Watch the demo video on YouTube
Simple Physical Shader works on Unity Free, on any devices that support Shader Model 3.0, and was developed to provide a usable PBR shader for projects that don't use HDR or linear lighting and for users who don't want to worry about baking out cubemaps. It uses maps that are human readable and easy to generate.
Simple Physical Shader takes 5 main inputs:
- Main Color
- Smoothness
- Metallicity
- Normal Map
- RSRM (radially symmetric reflectance map)
It also uses a generalized Light Wrap term that's used to fake subsurface scattering and ambient bounced light.
Main Color represents the general color of the object for that texel, just paint what you see -- even for metals.
Smoothness represents how rough or smooth the object is (white is smooth -- black is rough), it also determines how blurry reflections are.
Metallicity represents how much the object behaves like an ideal conductor vs an ideal dielectric. Dielectrics (black) refer to things like chalk, fabric, skin, and plastic -- objects with desaturated specular highlights and a significant fresnel reflection term. Conductors (white) refer to metals like gold, bismuth, copper. Partially metalic objects like water, oxidized aluminum, or multimaterial sythetics can be represented with gray values.
Normal Map does the same thing it normally does; offsets the normal of the pixel being lit.
RSRM is used as an ambient relfection for sky vs ground lighting. The left side of the texture is what is reflected on very smooth materials and the right side is for rougher materials. When authoring these, the left should have sharp contrast with a clear horizon and the right should be blurry with and average brightness equivalent to 50% gray. This map is tinted by the Unity Ambient Lighting term, so you shouldn't need to change this map during gameplay (unless you also change out the skybox).
I originally wrote this as a sort of experiemnt to help me wrap my head around Physically Based Rendering, and I hope it does the same for you. Feel free to experiment with it -- it's free for a reason.
1.2 Update
New shader variations have some new inputs.
The "Retro" shader is meant to handle materials with edge and core retroreflectivity, it takes a black and white "Retro Map" that is multiplied against a "Retroreflectivity" property. Postitive retroreflectivity values will produce a velvet or "peach fuzz" effect to simulate little hairs or threads catching light around the edge of an object. Negative retroreflectivity values will produce an effect similar to roadsign paint or traffic safety vests (which should also be at least partially metallic for best effect).
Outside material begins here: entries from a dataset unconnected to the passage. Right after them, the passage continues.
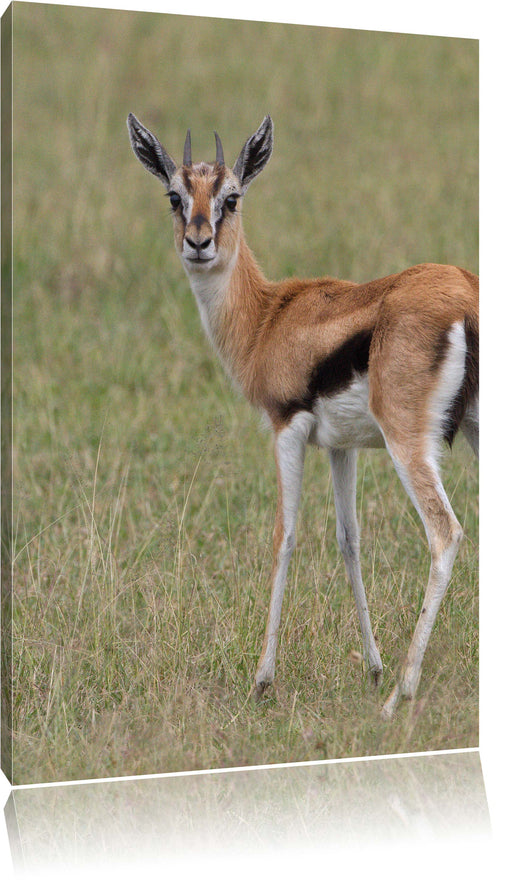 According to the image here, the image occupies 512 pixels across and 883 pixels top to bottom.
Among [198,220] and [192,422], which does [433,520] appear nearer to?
[198,220]

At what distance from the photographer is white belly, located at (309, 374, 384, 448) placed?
489 cm

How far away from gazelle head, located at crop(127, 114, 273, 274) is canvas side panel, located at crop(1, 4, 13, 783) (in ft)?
1.90

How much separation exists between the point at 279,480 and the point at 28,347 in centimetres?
353

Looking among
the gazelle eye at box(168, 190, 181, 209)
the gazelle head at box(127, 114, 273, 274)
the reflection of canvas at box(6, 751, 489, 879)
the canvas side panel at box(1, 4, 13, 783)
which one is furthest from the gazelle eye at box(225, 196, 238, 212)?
the reflection of canvas at box(6, 751, 489, 879)

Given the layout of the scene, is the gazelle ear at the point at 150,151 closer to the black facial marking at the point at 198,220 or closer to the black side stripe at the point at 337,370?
the black facial marking at the point at 198,220

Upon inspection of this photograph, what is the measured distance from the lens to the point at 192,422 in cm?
752

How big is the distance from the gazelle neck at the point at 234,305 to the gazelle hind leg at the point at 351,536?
1.63ft

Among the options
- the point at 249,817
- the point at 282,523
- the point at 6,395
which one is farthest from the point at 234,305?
the point at 249,817

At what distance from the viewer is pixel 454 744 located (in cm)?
530

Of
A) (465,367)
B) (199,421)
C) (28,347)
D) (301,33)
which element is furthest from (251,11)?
(28,347)

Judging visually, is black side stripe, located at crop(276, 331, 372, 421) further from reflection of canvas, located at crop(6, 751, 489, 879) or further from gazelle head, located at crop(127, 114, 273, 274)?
reflection of canvas, located at crop(6, 751, 489, 879)

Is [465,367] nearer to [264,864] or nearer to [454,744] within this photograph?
[454,744]

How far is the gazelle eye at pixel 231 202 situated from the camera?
17.0ft

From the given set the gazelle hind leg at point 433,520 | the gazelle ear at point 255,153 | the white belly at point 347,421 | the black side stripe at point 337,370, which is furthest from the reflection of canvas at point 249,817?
the gazelle ear at point 255,153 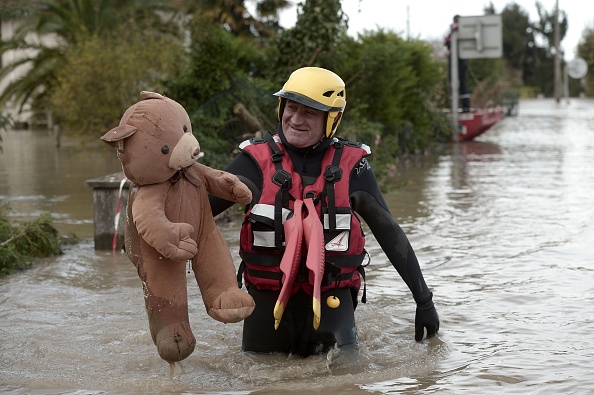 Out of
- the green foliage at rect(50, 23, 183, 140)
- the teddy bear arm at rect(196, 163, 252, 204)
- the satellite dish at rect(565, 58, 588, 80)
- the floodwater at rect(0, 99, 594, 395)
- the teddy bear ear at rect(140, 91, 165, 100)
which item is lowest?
the floodwater at rect(0, 99, 594, 395)

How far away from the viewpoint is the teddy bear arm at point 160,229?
4.71m

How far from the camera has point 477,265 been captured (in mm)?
8609

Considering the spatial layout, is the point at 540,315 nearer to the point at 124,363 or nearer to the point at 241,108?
the point at 124,363

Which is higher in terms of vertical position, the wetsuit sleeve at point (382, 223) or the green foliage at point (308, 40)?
Result: the green foliage at point (308, 40)

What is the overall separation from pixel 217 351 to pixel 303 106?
5.13 ft

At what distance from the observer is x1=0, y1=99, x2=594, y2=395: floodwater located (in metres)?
5.43

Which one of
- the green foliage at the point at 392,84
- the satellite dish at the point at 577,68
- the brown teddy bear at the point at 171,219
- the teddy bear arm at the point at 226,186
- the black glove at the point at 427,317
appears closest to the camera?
the brown teddy bear at the point at 171,219

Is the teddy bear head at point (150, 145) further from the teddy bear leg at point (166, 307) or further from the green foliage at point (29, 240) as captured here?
the green foliage at point (29, 240)

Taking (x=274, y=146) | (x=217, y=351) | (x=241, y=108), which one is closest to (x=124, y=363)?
(x=217, y=351)

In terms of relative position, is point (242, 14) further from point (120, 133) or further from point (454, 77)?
point (120, 133)

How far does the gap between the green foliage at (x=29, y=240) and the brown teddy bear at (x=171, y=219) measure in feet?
13.2

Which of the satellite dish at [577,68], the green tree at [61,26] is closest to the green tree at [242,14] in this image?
the green tree at [61,26]

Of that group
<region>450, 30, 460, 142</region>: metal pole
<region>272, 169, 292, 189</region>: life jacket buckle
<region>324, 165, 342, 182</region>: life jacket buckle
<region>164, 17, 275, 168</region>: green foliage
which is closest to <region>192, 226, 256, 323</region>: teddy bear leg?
<region>272, 169, 292, 189</region>: life jacket buckle

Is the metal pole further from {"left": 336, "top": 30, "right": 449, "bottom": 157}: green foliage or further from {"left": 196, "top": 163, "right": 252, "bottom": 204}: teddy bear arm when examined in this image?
{"left": 196, "top": 163, "right": 252, "bottom": 204}: teddy bear arm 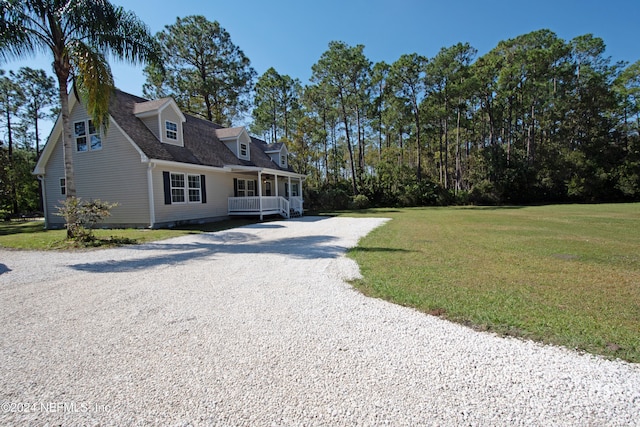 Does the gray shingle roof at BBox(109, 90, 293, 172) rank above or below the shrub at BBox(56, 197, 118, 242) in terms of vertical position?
above

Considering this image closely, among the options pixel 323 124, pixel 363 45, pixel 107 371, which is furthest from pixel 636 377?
pixel 323 124

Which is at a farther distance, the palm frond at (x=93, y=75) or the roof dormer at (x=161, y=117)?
the roof dormer at (x=161, y=117)

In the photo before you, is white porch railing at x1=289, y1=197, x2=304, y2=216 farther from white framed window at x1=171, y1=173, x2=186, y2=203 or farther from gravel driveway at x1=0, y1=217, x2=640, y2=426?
gravel driveway at x1=0, y1=217, x2=640, y2=426

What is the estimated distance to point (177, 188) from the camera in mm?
13828

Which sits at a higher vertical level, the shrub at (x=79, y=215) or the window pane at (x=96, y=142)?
the window pane at (x=96, y=142)

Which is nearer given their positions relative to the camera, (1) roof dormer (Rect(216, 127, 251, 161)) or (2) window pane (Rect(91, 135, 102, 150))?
(2) window pane (Rect(91, 135, 102, 150))

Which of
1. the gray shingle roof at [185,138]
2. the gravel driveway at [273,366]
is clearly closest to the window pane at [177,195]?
the gray shingle roof at [185,138]

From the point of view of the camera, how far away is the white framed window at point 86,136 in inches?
535

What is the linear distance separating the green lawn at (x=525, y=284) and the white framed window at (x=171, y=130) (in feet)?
37.5

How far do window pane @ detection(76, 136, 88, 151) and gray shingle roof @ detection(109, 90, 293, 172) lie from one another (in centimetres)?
212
The "Coat" shader is meant to handle wet or laminated materials. It takes a "Clear Coat" and "Clear Coat Map" input as well as a "Coat Smoothness" slider value to render an additional specular lobe on top of an existing effect. This can be used in carpaint shaders (where the undercoat is rough and metallic paint and the overcoat is clear and smooth plastic) as well as recreating a variety of unusual specular effects and composite materials. It's actually suprisingly useful for skin, where the second lobe is used to model the relativly small impact of the oil on the surface of the skin.